De Silverio dejó escrito García Lorca:
Entre italiano
Y flamenco,
¿cómo cantaría
aquel Silverio?
La densa miel de Italia
con el limón nuestro,
iba en el hondo llanto
del siguiriyero (…)
Pasaba por los tonos
sin romperlos.
No llegó la técnica de grabación a tiempo para inmortalizar la voz de Silverio. Hemos de conformarnos con el resultado que la tradición nos deja, el legado que de unos artistas a otros se ha ido pasando. Como escribió Lorca, ahora su melodía/ duerme con los ecos. Definitiva y pura./ Con los últimos ecos.
En este vídeo, Carmen Linares, nos ofrece su propio eco de una siguiriya de Silverio.
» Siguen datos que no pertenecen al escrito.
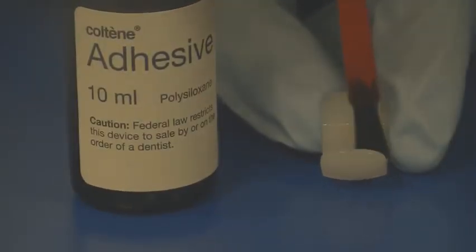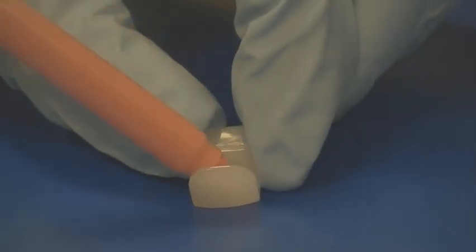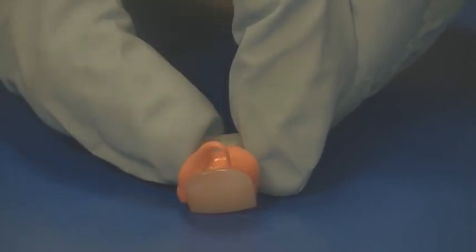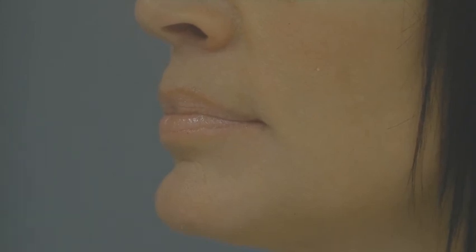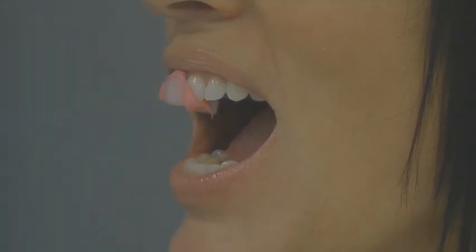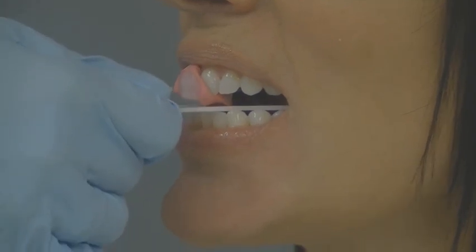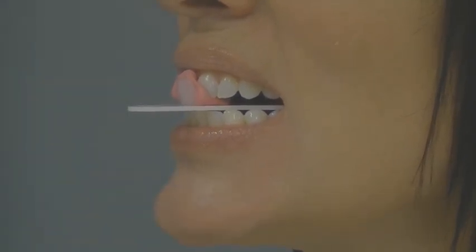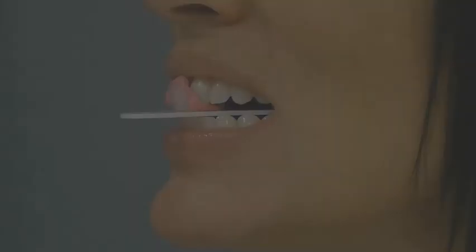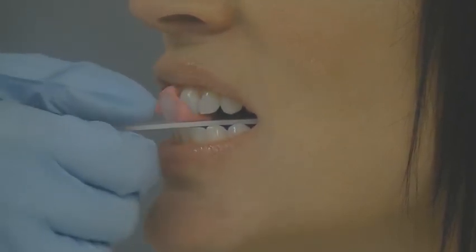Paint the inside of the Lucia jig with a small amount of silicone tray adhesive and allow it to dry for one minute. Dispense AccuFlow bite registration material into the same area. Place the jig on the upper centrals and place the whale tail directly beneath the jig. Ask the patient to bite down and hold. The whale tail's job is to level and orient the jig to the occlusal plane. Allow the AccuFlow to set for about 45 seconds, then remove the whale tail and set it aside, and remove the jig.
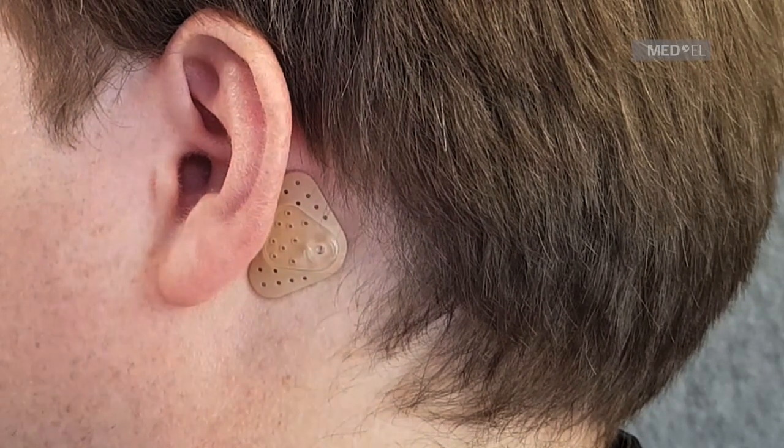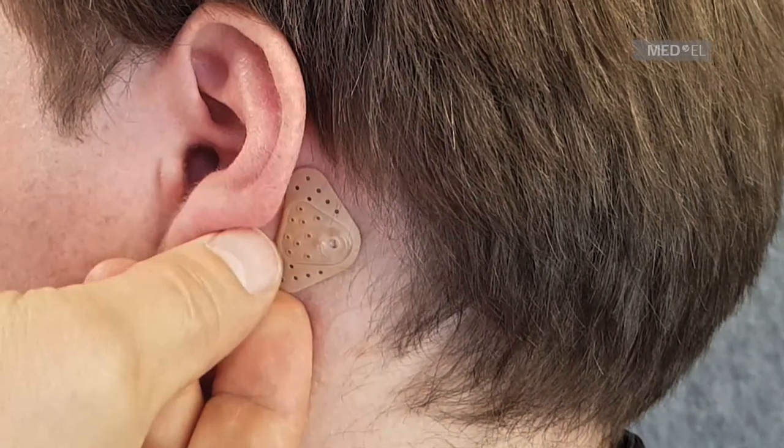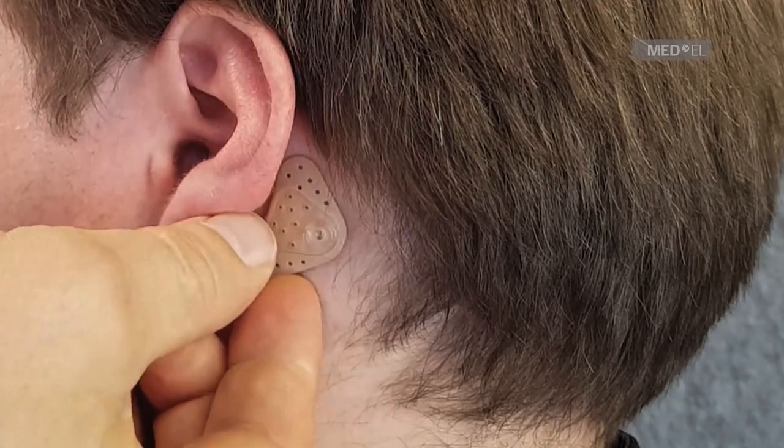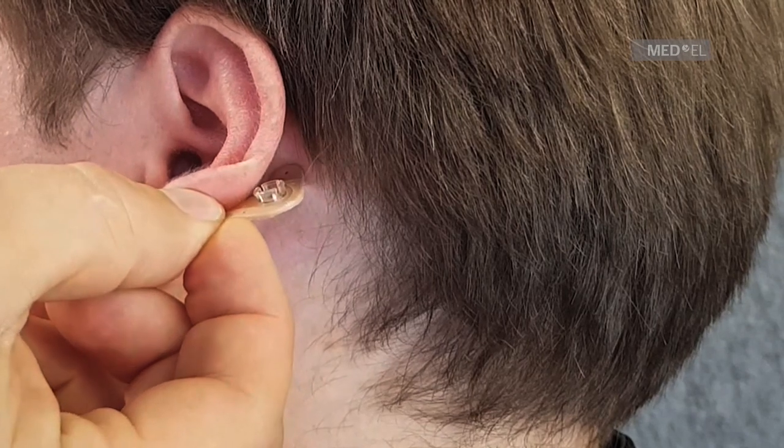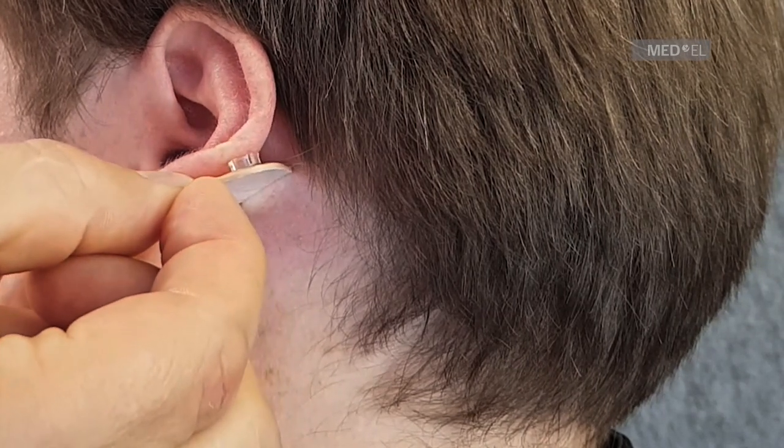The adhesive adapter can usually be worn day and night and should be changed once or twice a week. Remove the adhesive adapter by slowly peeling it off the skin. The adhesive adapter can only be used once.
Del impacto emocional de la siguiriya en quien la escucha hay numerosos testimonios. El poeta Félix Grande, en su libro Memoria del flamenco, recuerda uno de esos momentos trascendentales del que fue testigo: “Fue un día de invierno en Tomelloso (…) El cante duraba ya desde hacía horas. Avanzada la madrugada, se instaló, majestuosamente, la ocasión de la siguiriya. Mientras otros dos cantaores meramente escuchaban, un tercero cantó por siguiriya, con bravura, con desolación, con terror, con violencia, con delicadeza brutal. Un viejo campesino daba de vez en cuando, siempre a compás, un tenue golpecito con una vara en la baldosa. En la otra mano, su vaso de vino, a media distancia entre sus labios y la mesa cercana; en suspenso; en tensión. El gran anciano escuchaba sin jalear, con la frente inclinada, sin gestos; muy posiblemente, sin ver. De pronto, en un quejío increíblemente horrible e increíblemente verosímil e increíblemente comunitario e íntimo, un quejío que venía a clavar ya no recuerdo qué palabra, el vaso se desgarró en pedazos entre la mano de aquel bravo señor. Vimos cómo su mano, su antebrazo, su copa, se mojaban de sangre y vino. Nos asustamos. El cantaor se interrumpió. El viejo le pidió que siguiera, que siguiera…¡todo lo que hizo fue pedir que siguiera!”.
El temblor ancestral que causa escuchar este cante lo debieron sentir a buen seguro, aquel 15 de diciembre de 2010 en el Teatro Isabel la Católica de Granada, los amigos y familiares que daban el último adiós al cantaor genial Enrique Morente. Era el momento justo antes de retirar de la capilla ardiente el féretro ante el que habían desfilado miles de personas. Ya habían homenajeado con sus intervenciones al cantaor granadino el poeta Luis García Montero y Laura García Lorca. El silencio se había adueñado de la sala donde sólo se oía algún sollozo cuando Estrella Morente, a un palmo del féretro donde yacía su padre, los ojos elevados al cielo, empieza a cantar. Primero una estrofa de la Habanera imposible de Carlos Cano…
Granada no tengas miedo/ de que el mundo sea tan grande/ de que el mar sea tan inmenso./ Tú eres la novia del aire,/ la de la sombra de plata,/ la del almendro,/ la que parece de nieve/ y por dentro.
… que interpreta como aflamencada, para, inmediatamente después, adentrarse, con el grito estremecedor de unos tremendos ayes, en los terrenos de la siguiriya cabal, con versos de García Lorca…
Empieza el llanto de la guitarra/ se rompen las copas de la/ madrugada./ Empieza el llanto de la guitarra./ Es inútil callarla./ Es imposible callarla.
Aquí lo podemos ver y escuchar:
Estremecedor adiós a Enrique Morente de su hija Estrella, con Granada de fondo, y sus poetas, con el cante del dolor como eco sonoro del adiós a un músico del flamenco.
ALFONSO SÁNCHEZ
* Utilizo el término siguiriya por ser el más empleado entre los flamencólogos y posiblemente la mayoría de los artistas. Deriva del nombre de seguidilla por corrupción fonética, al igual que otros términos también válidos como seguiriya, seguirilla o siguerilla.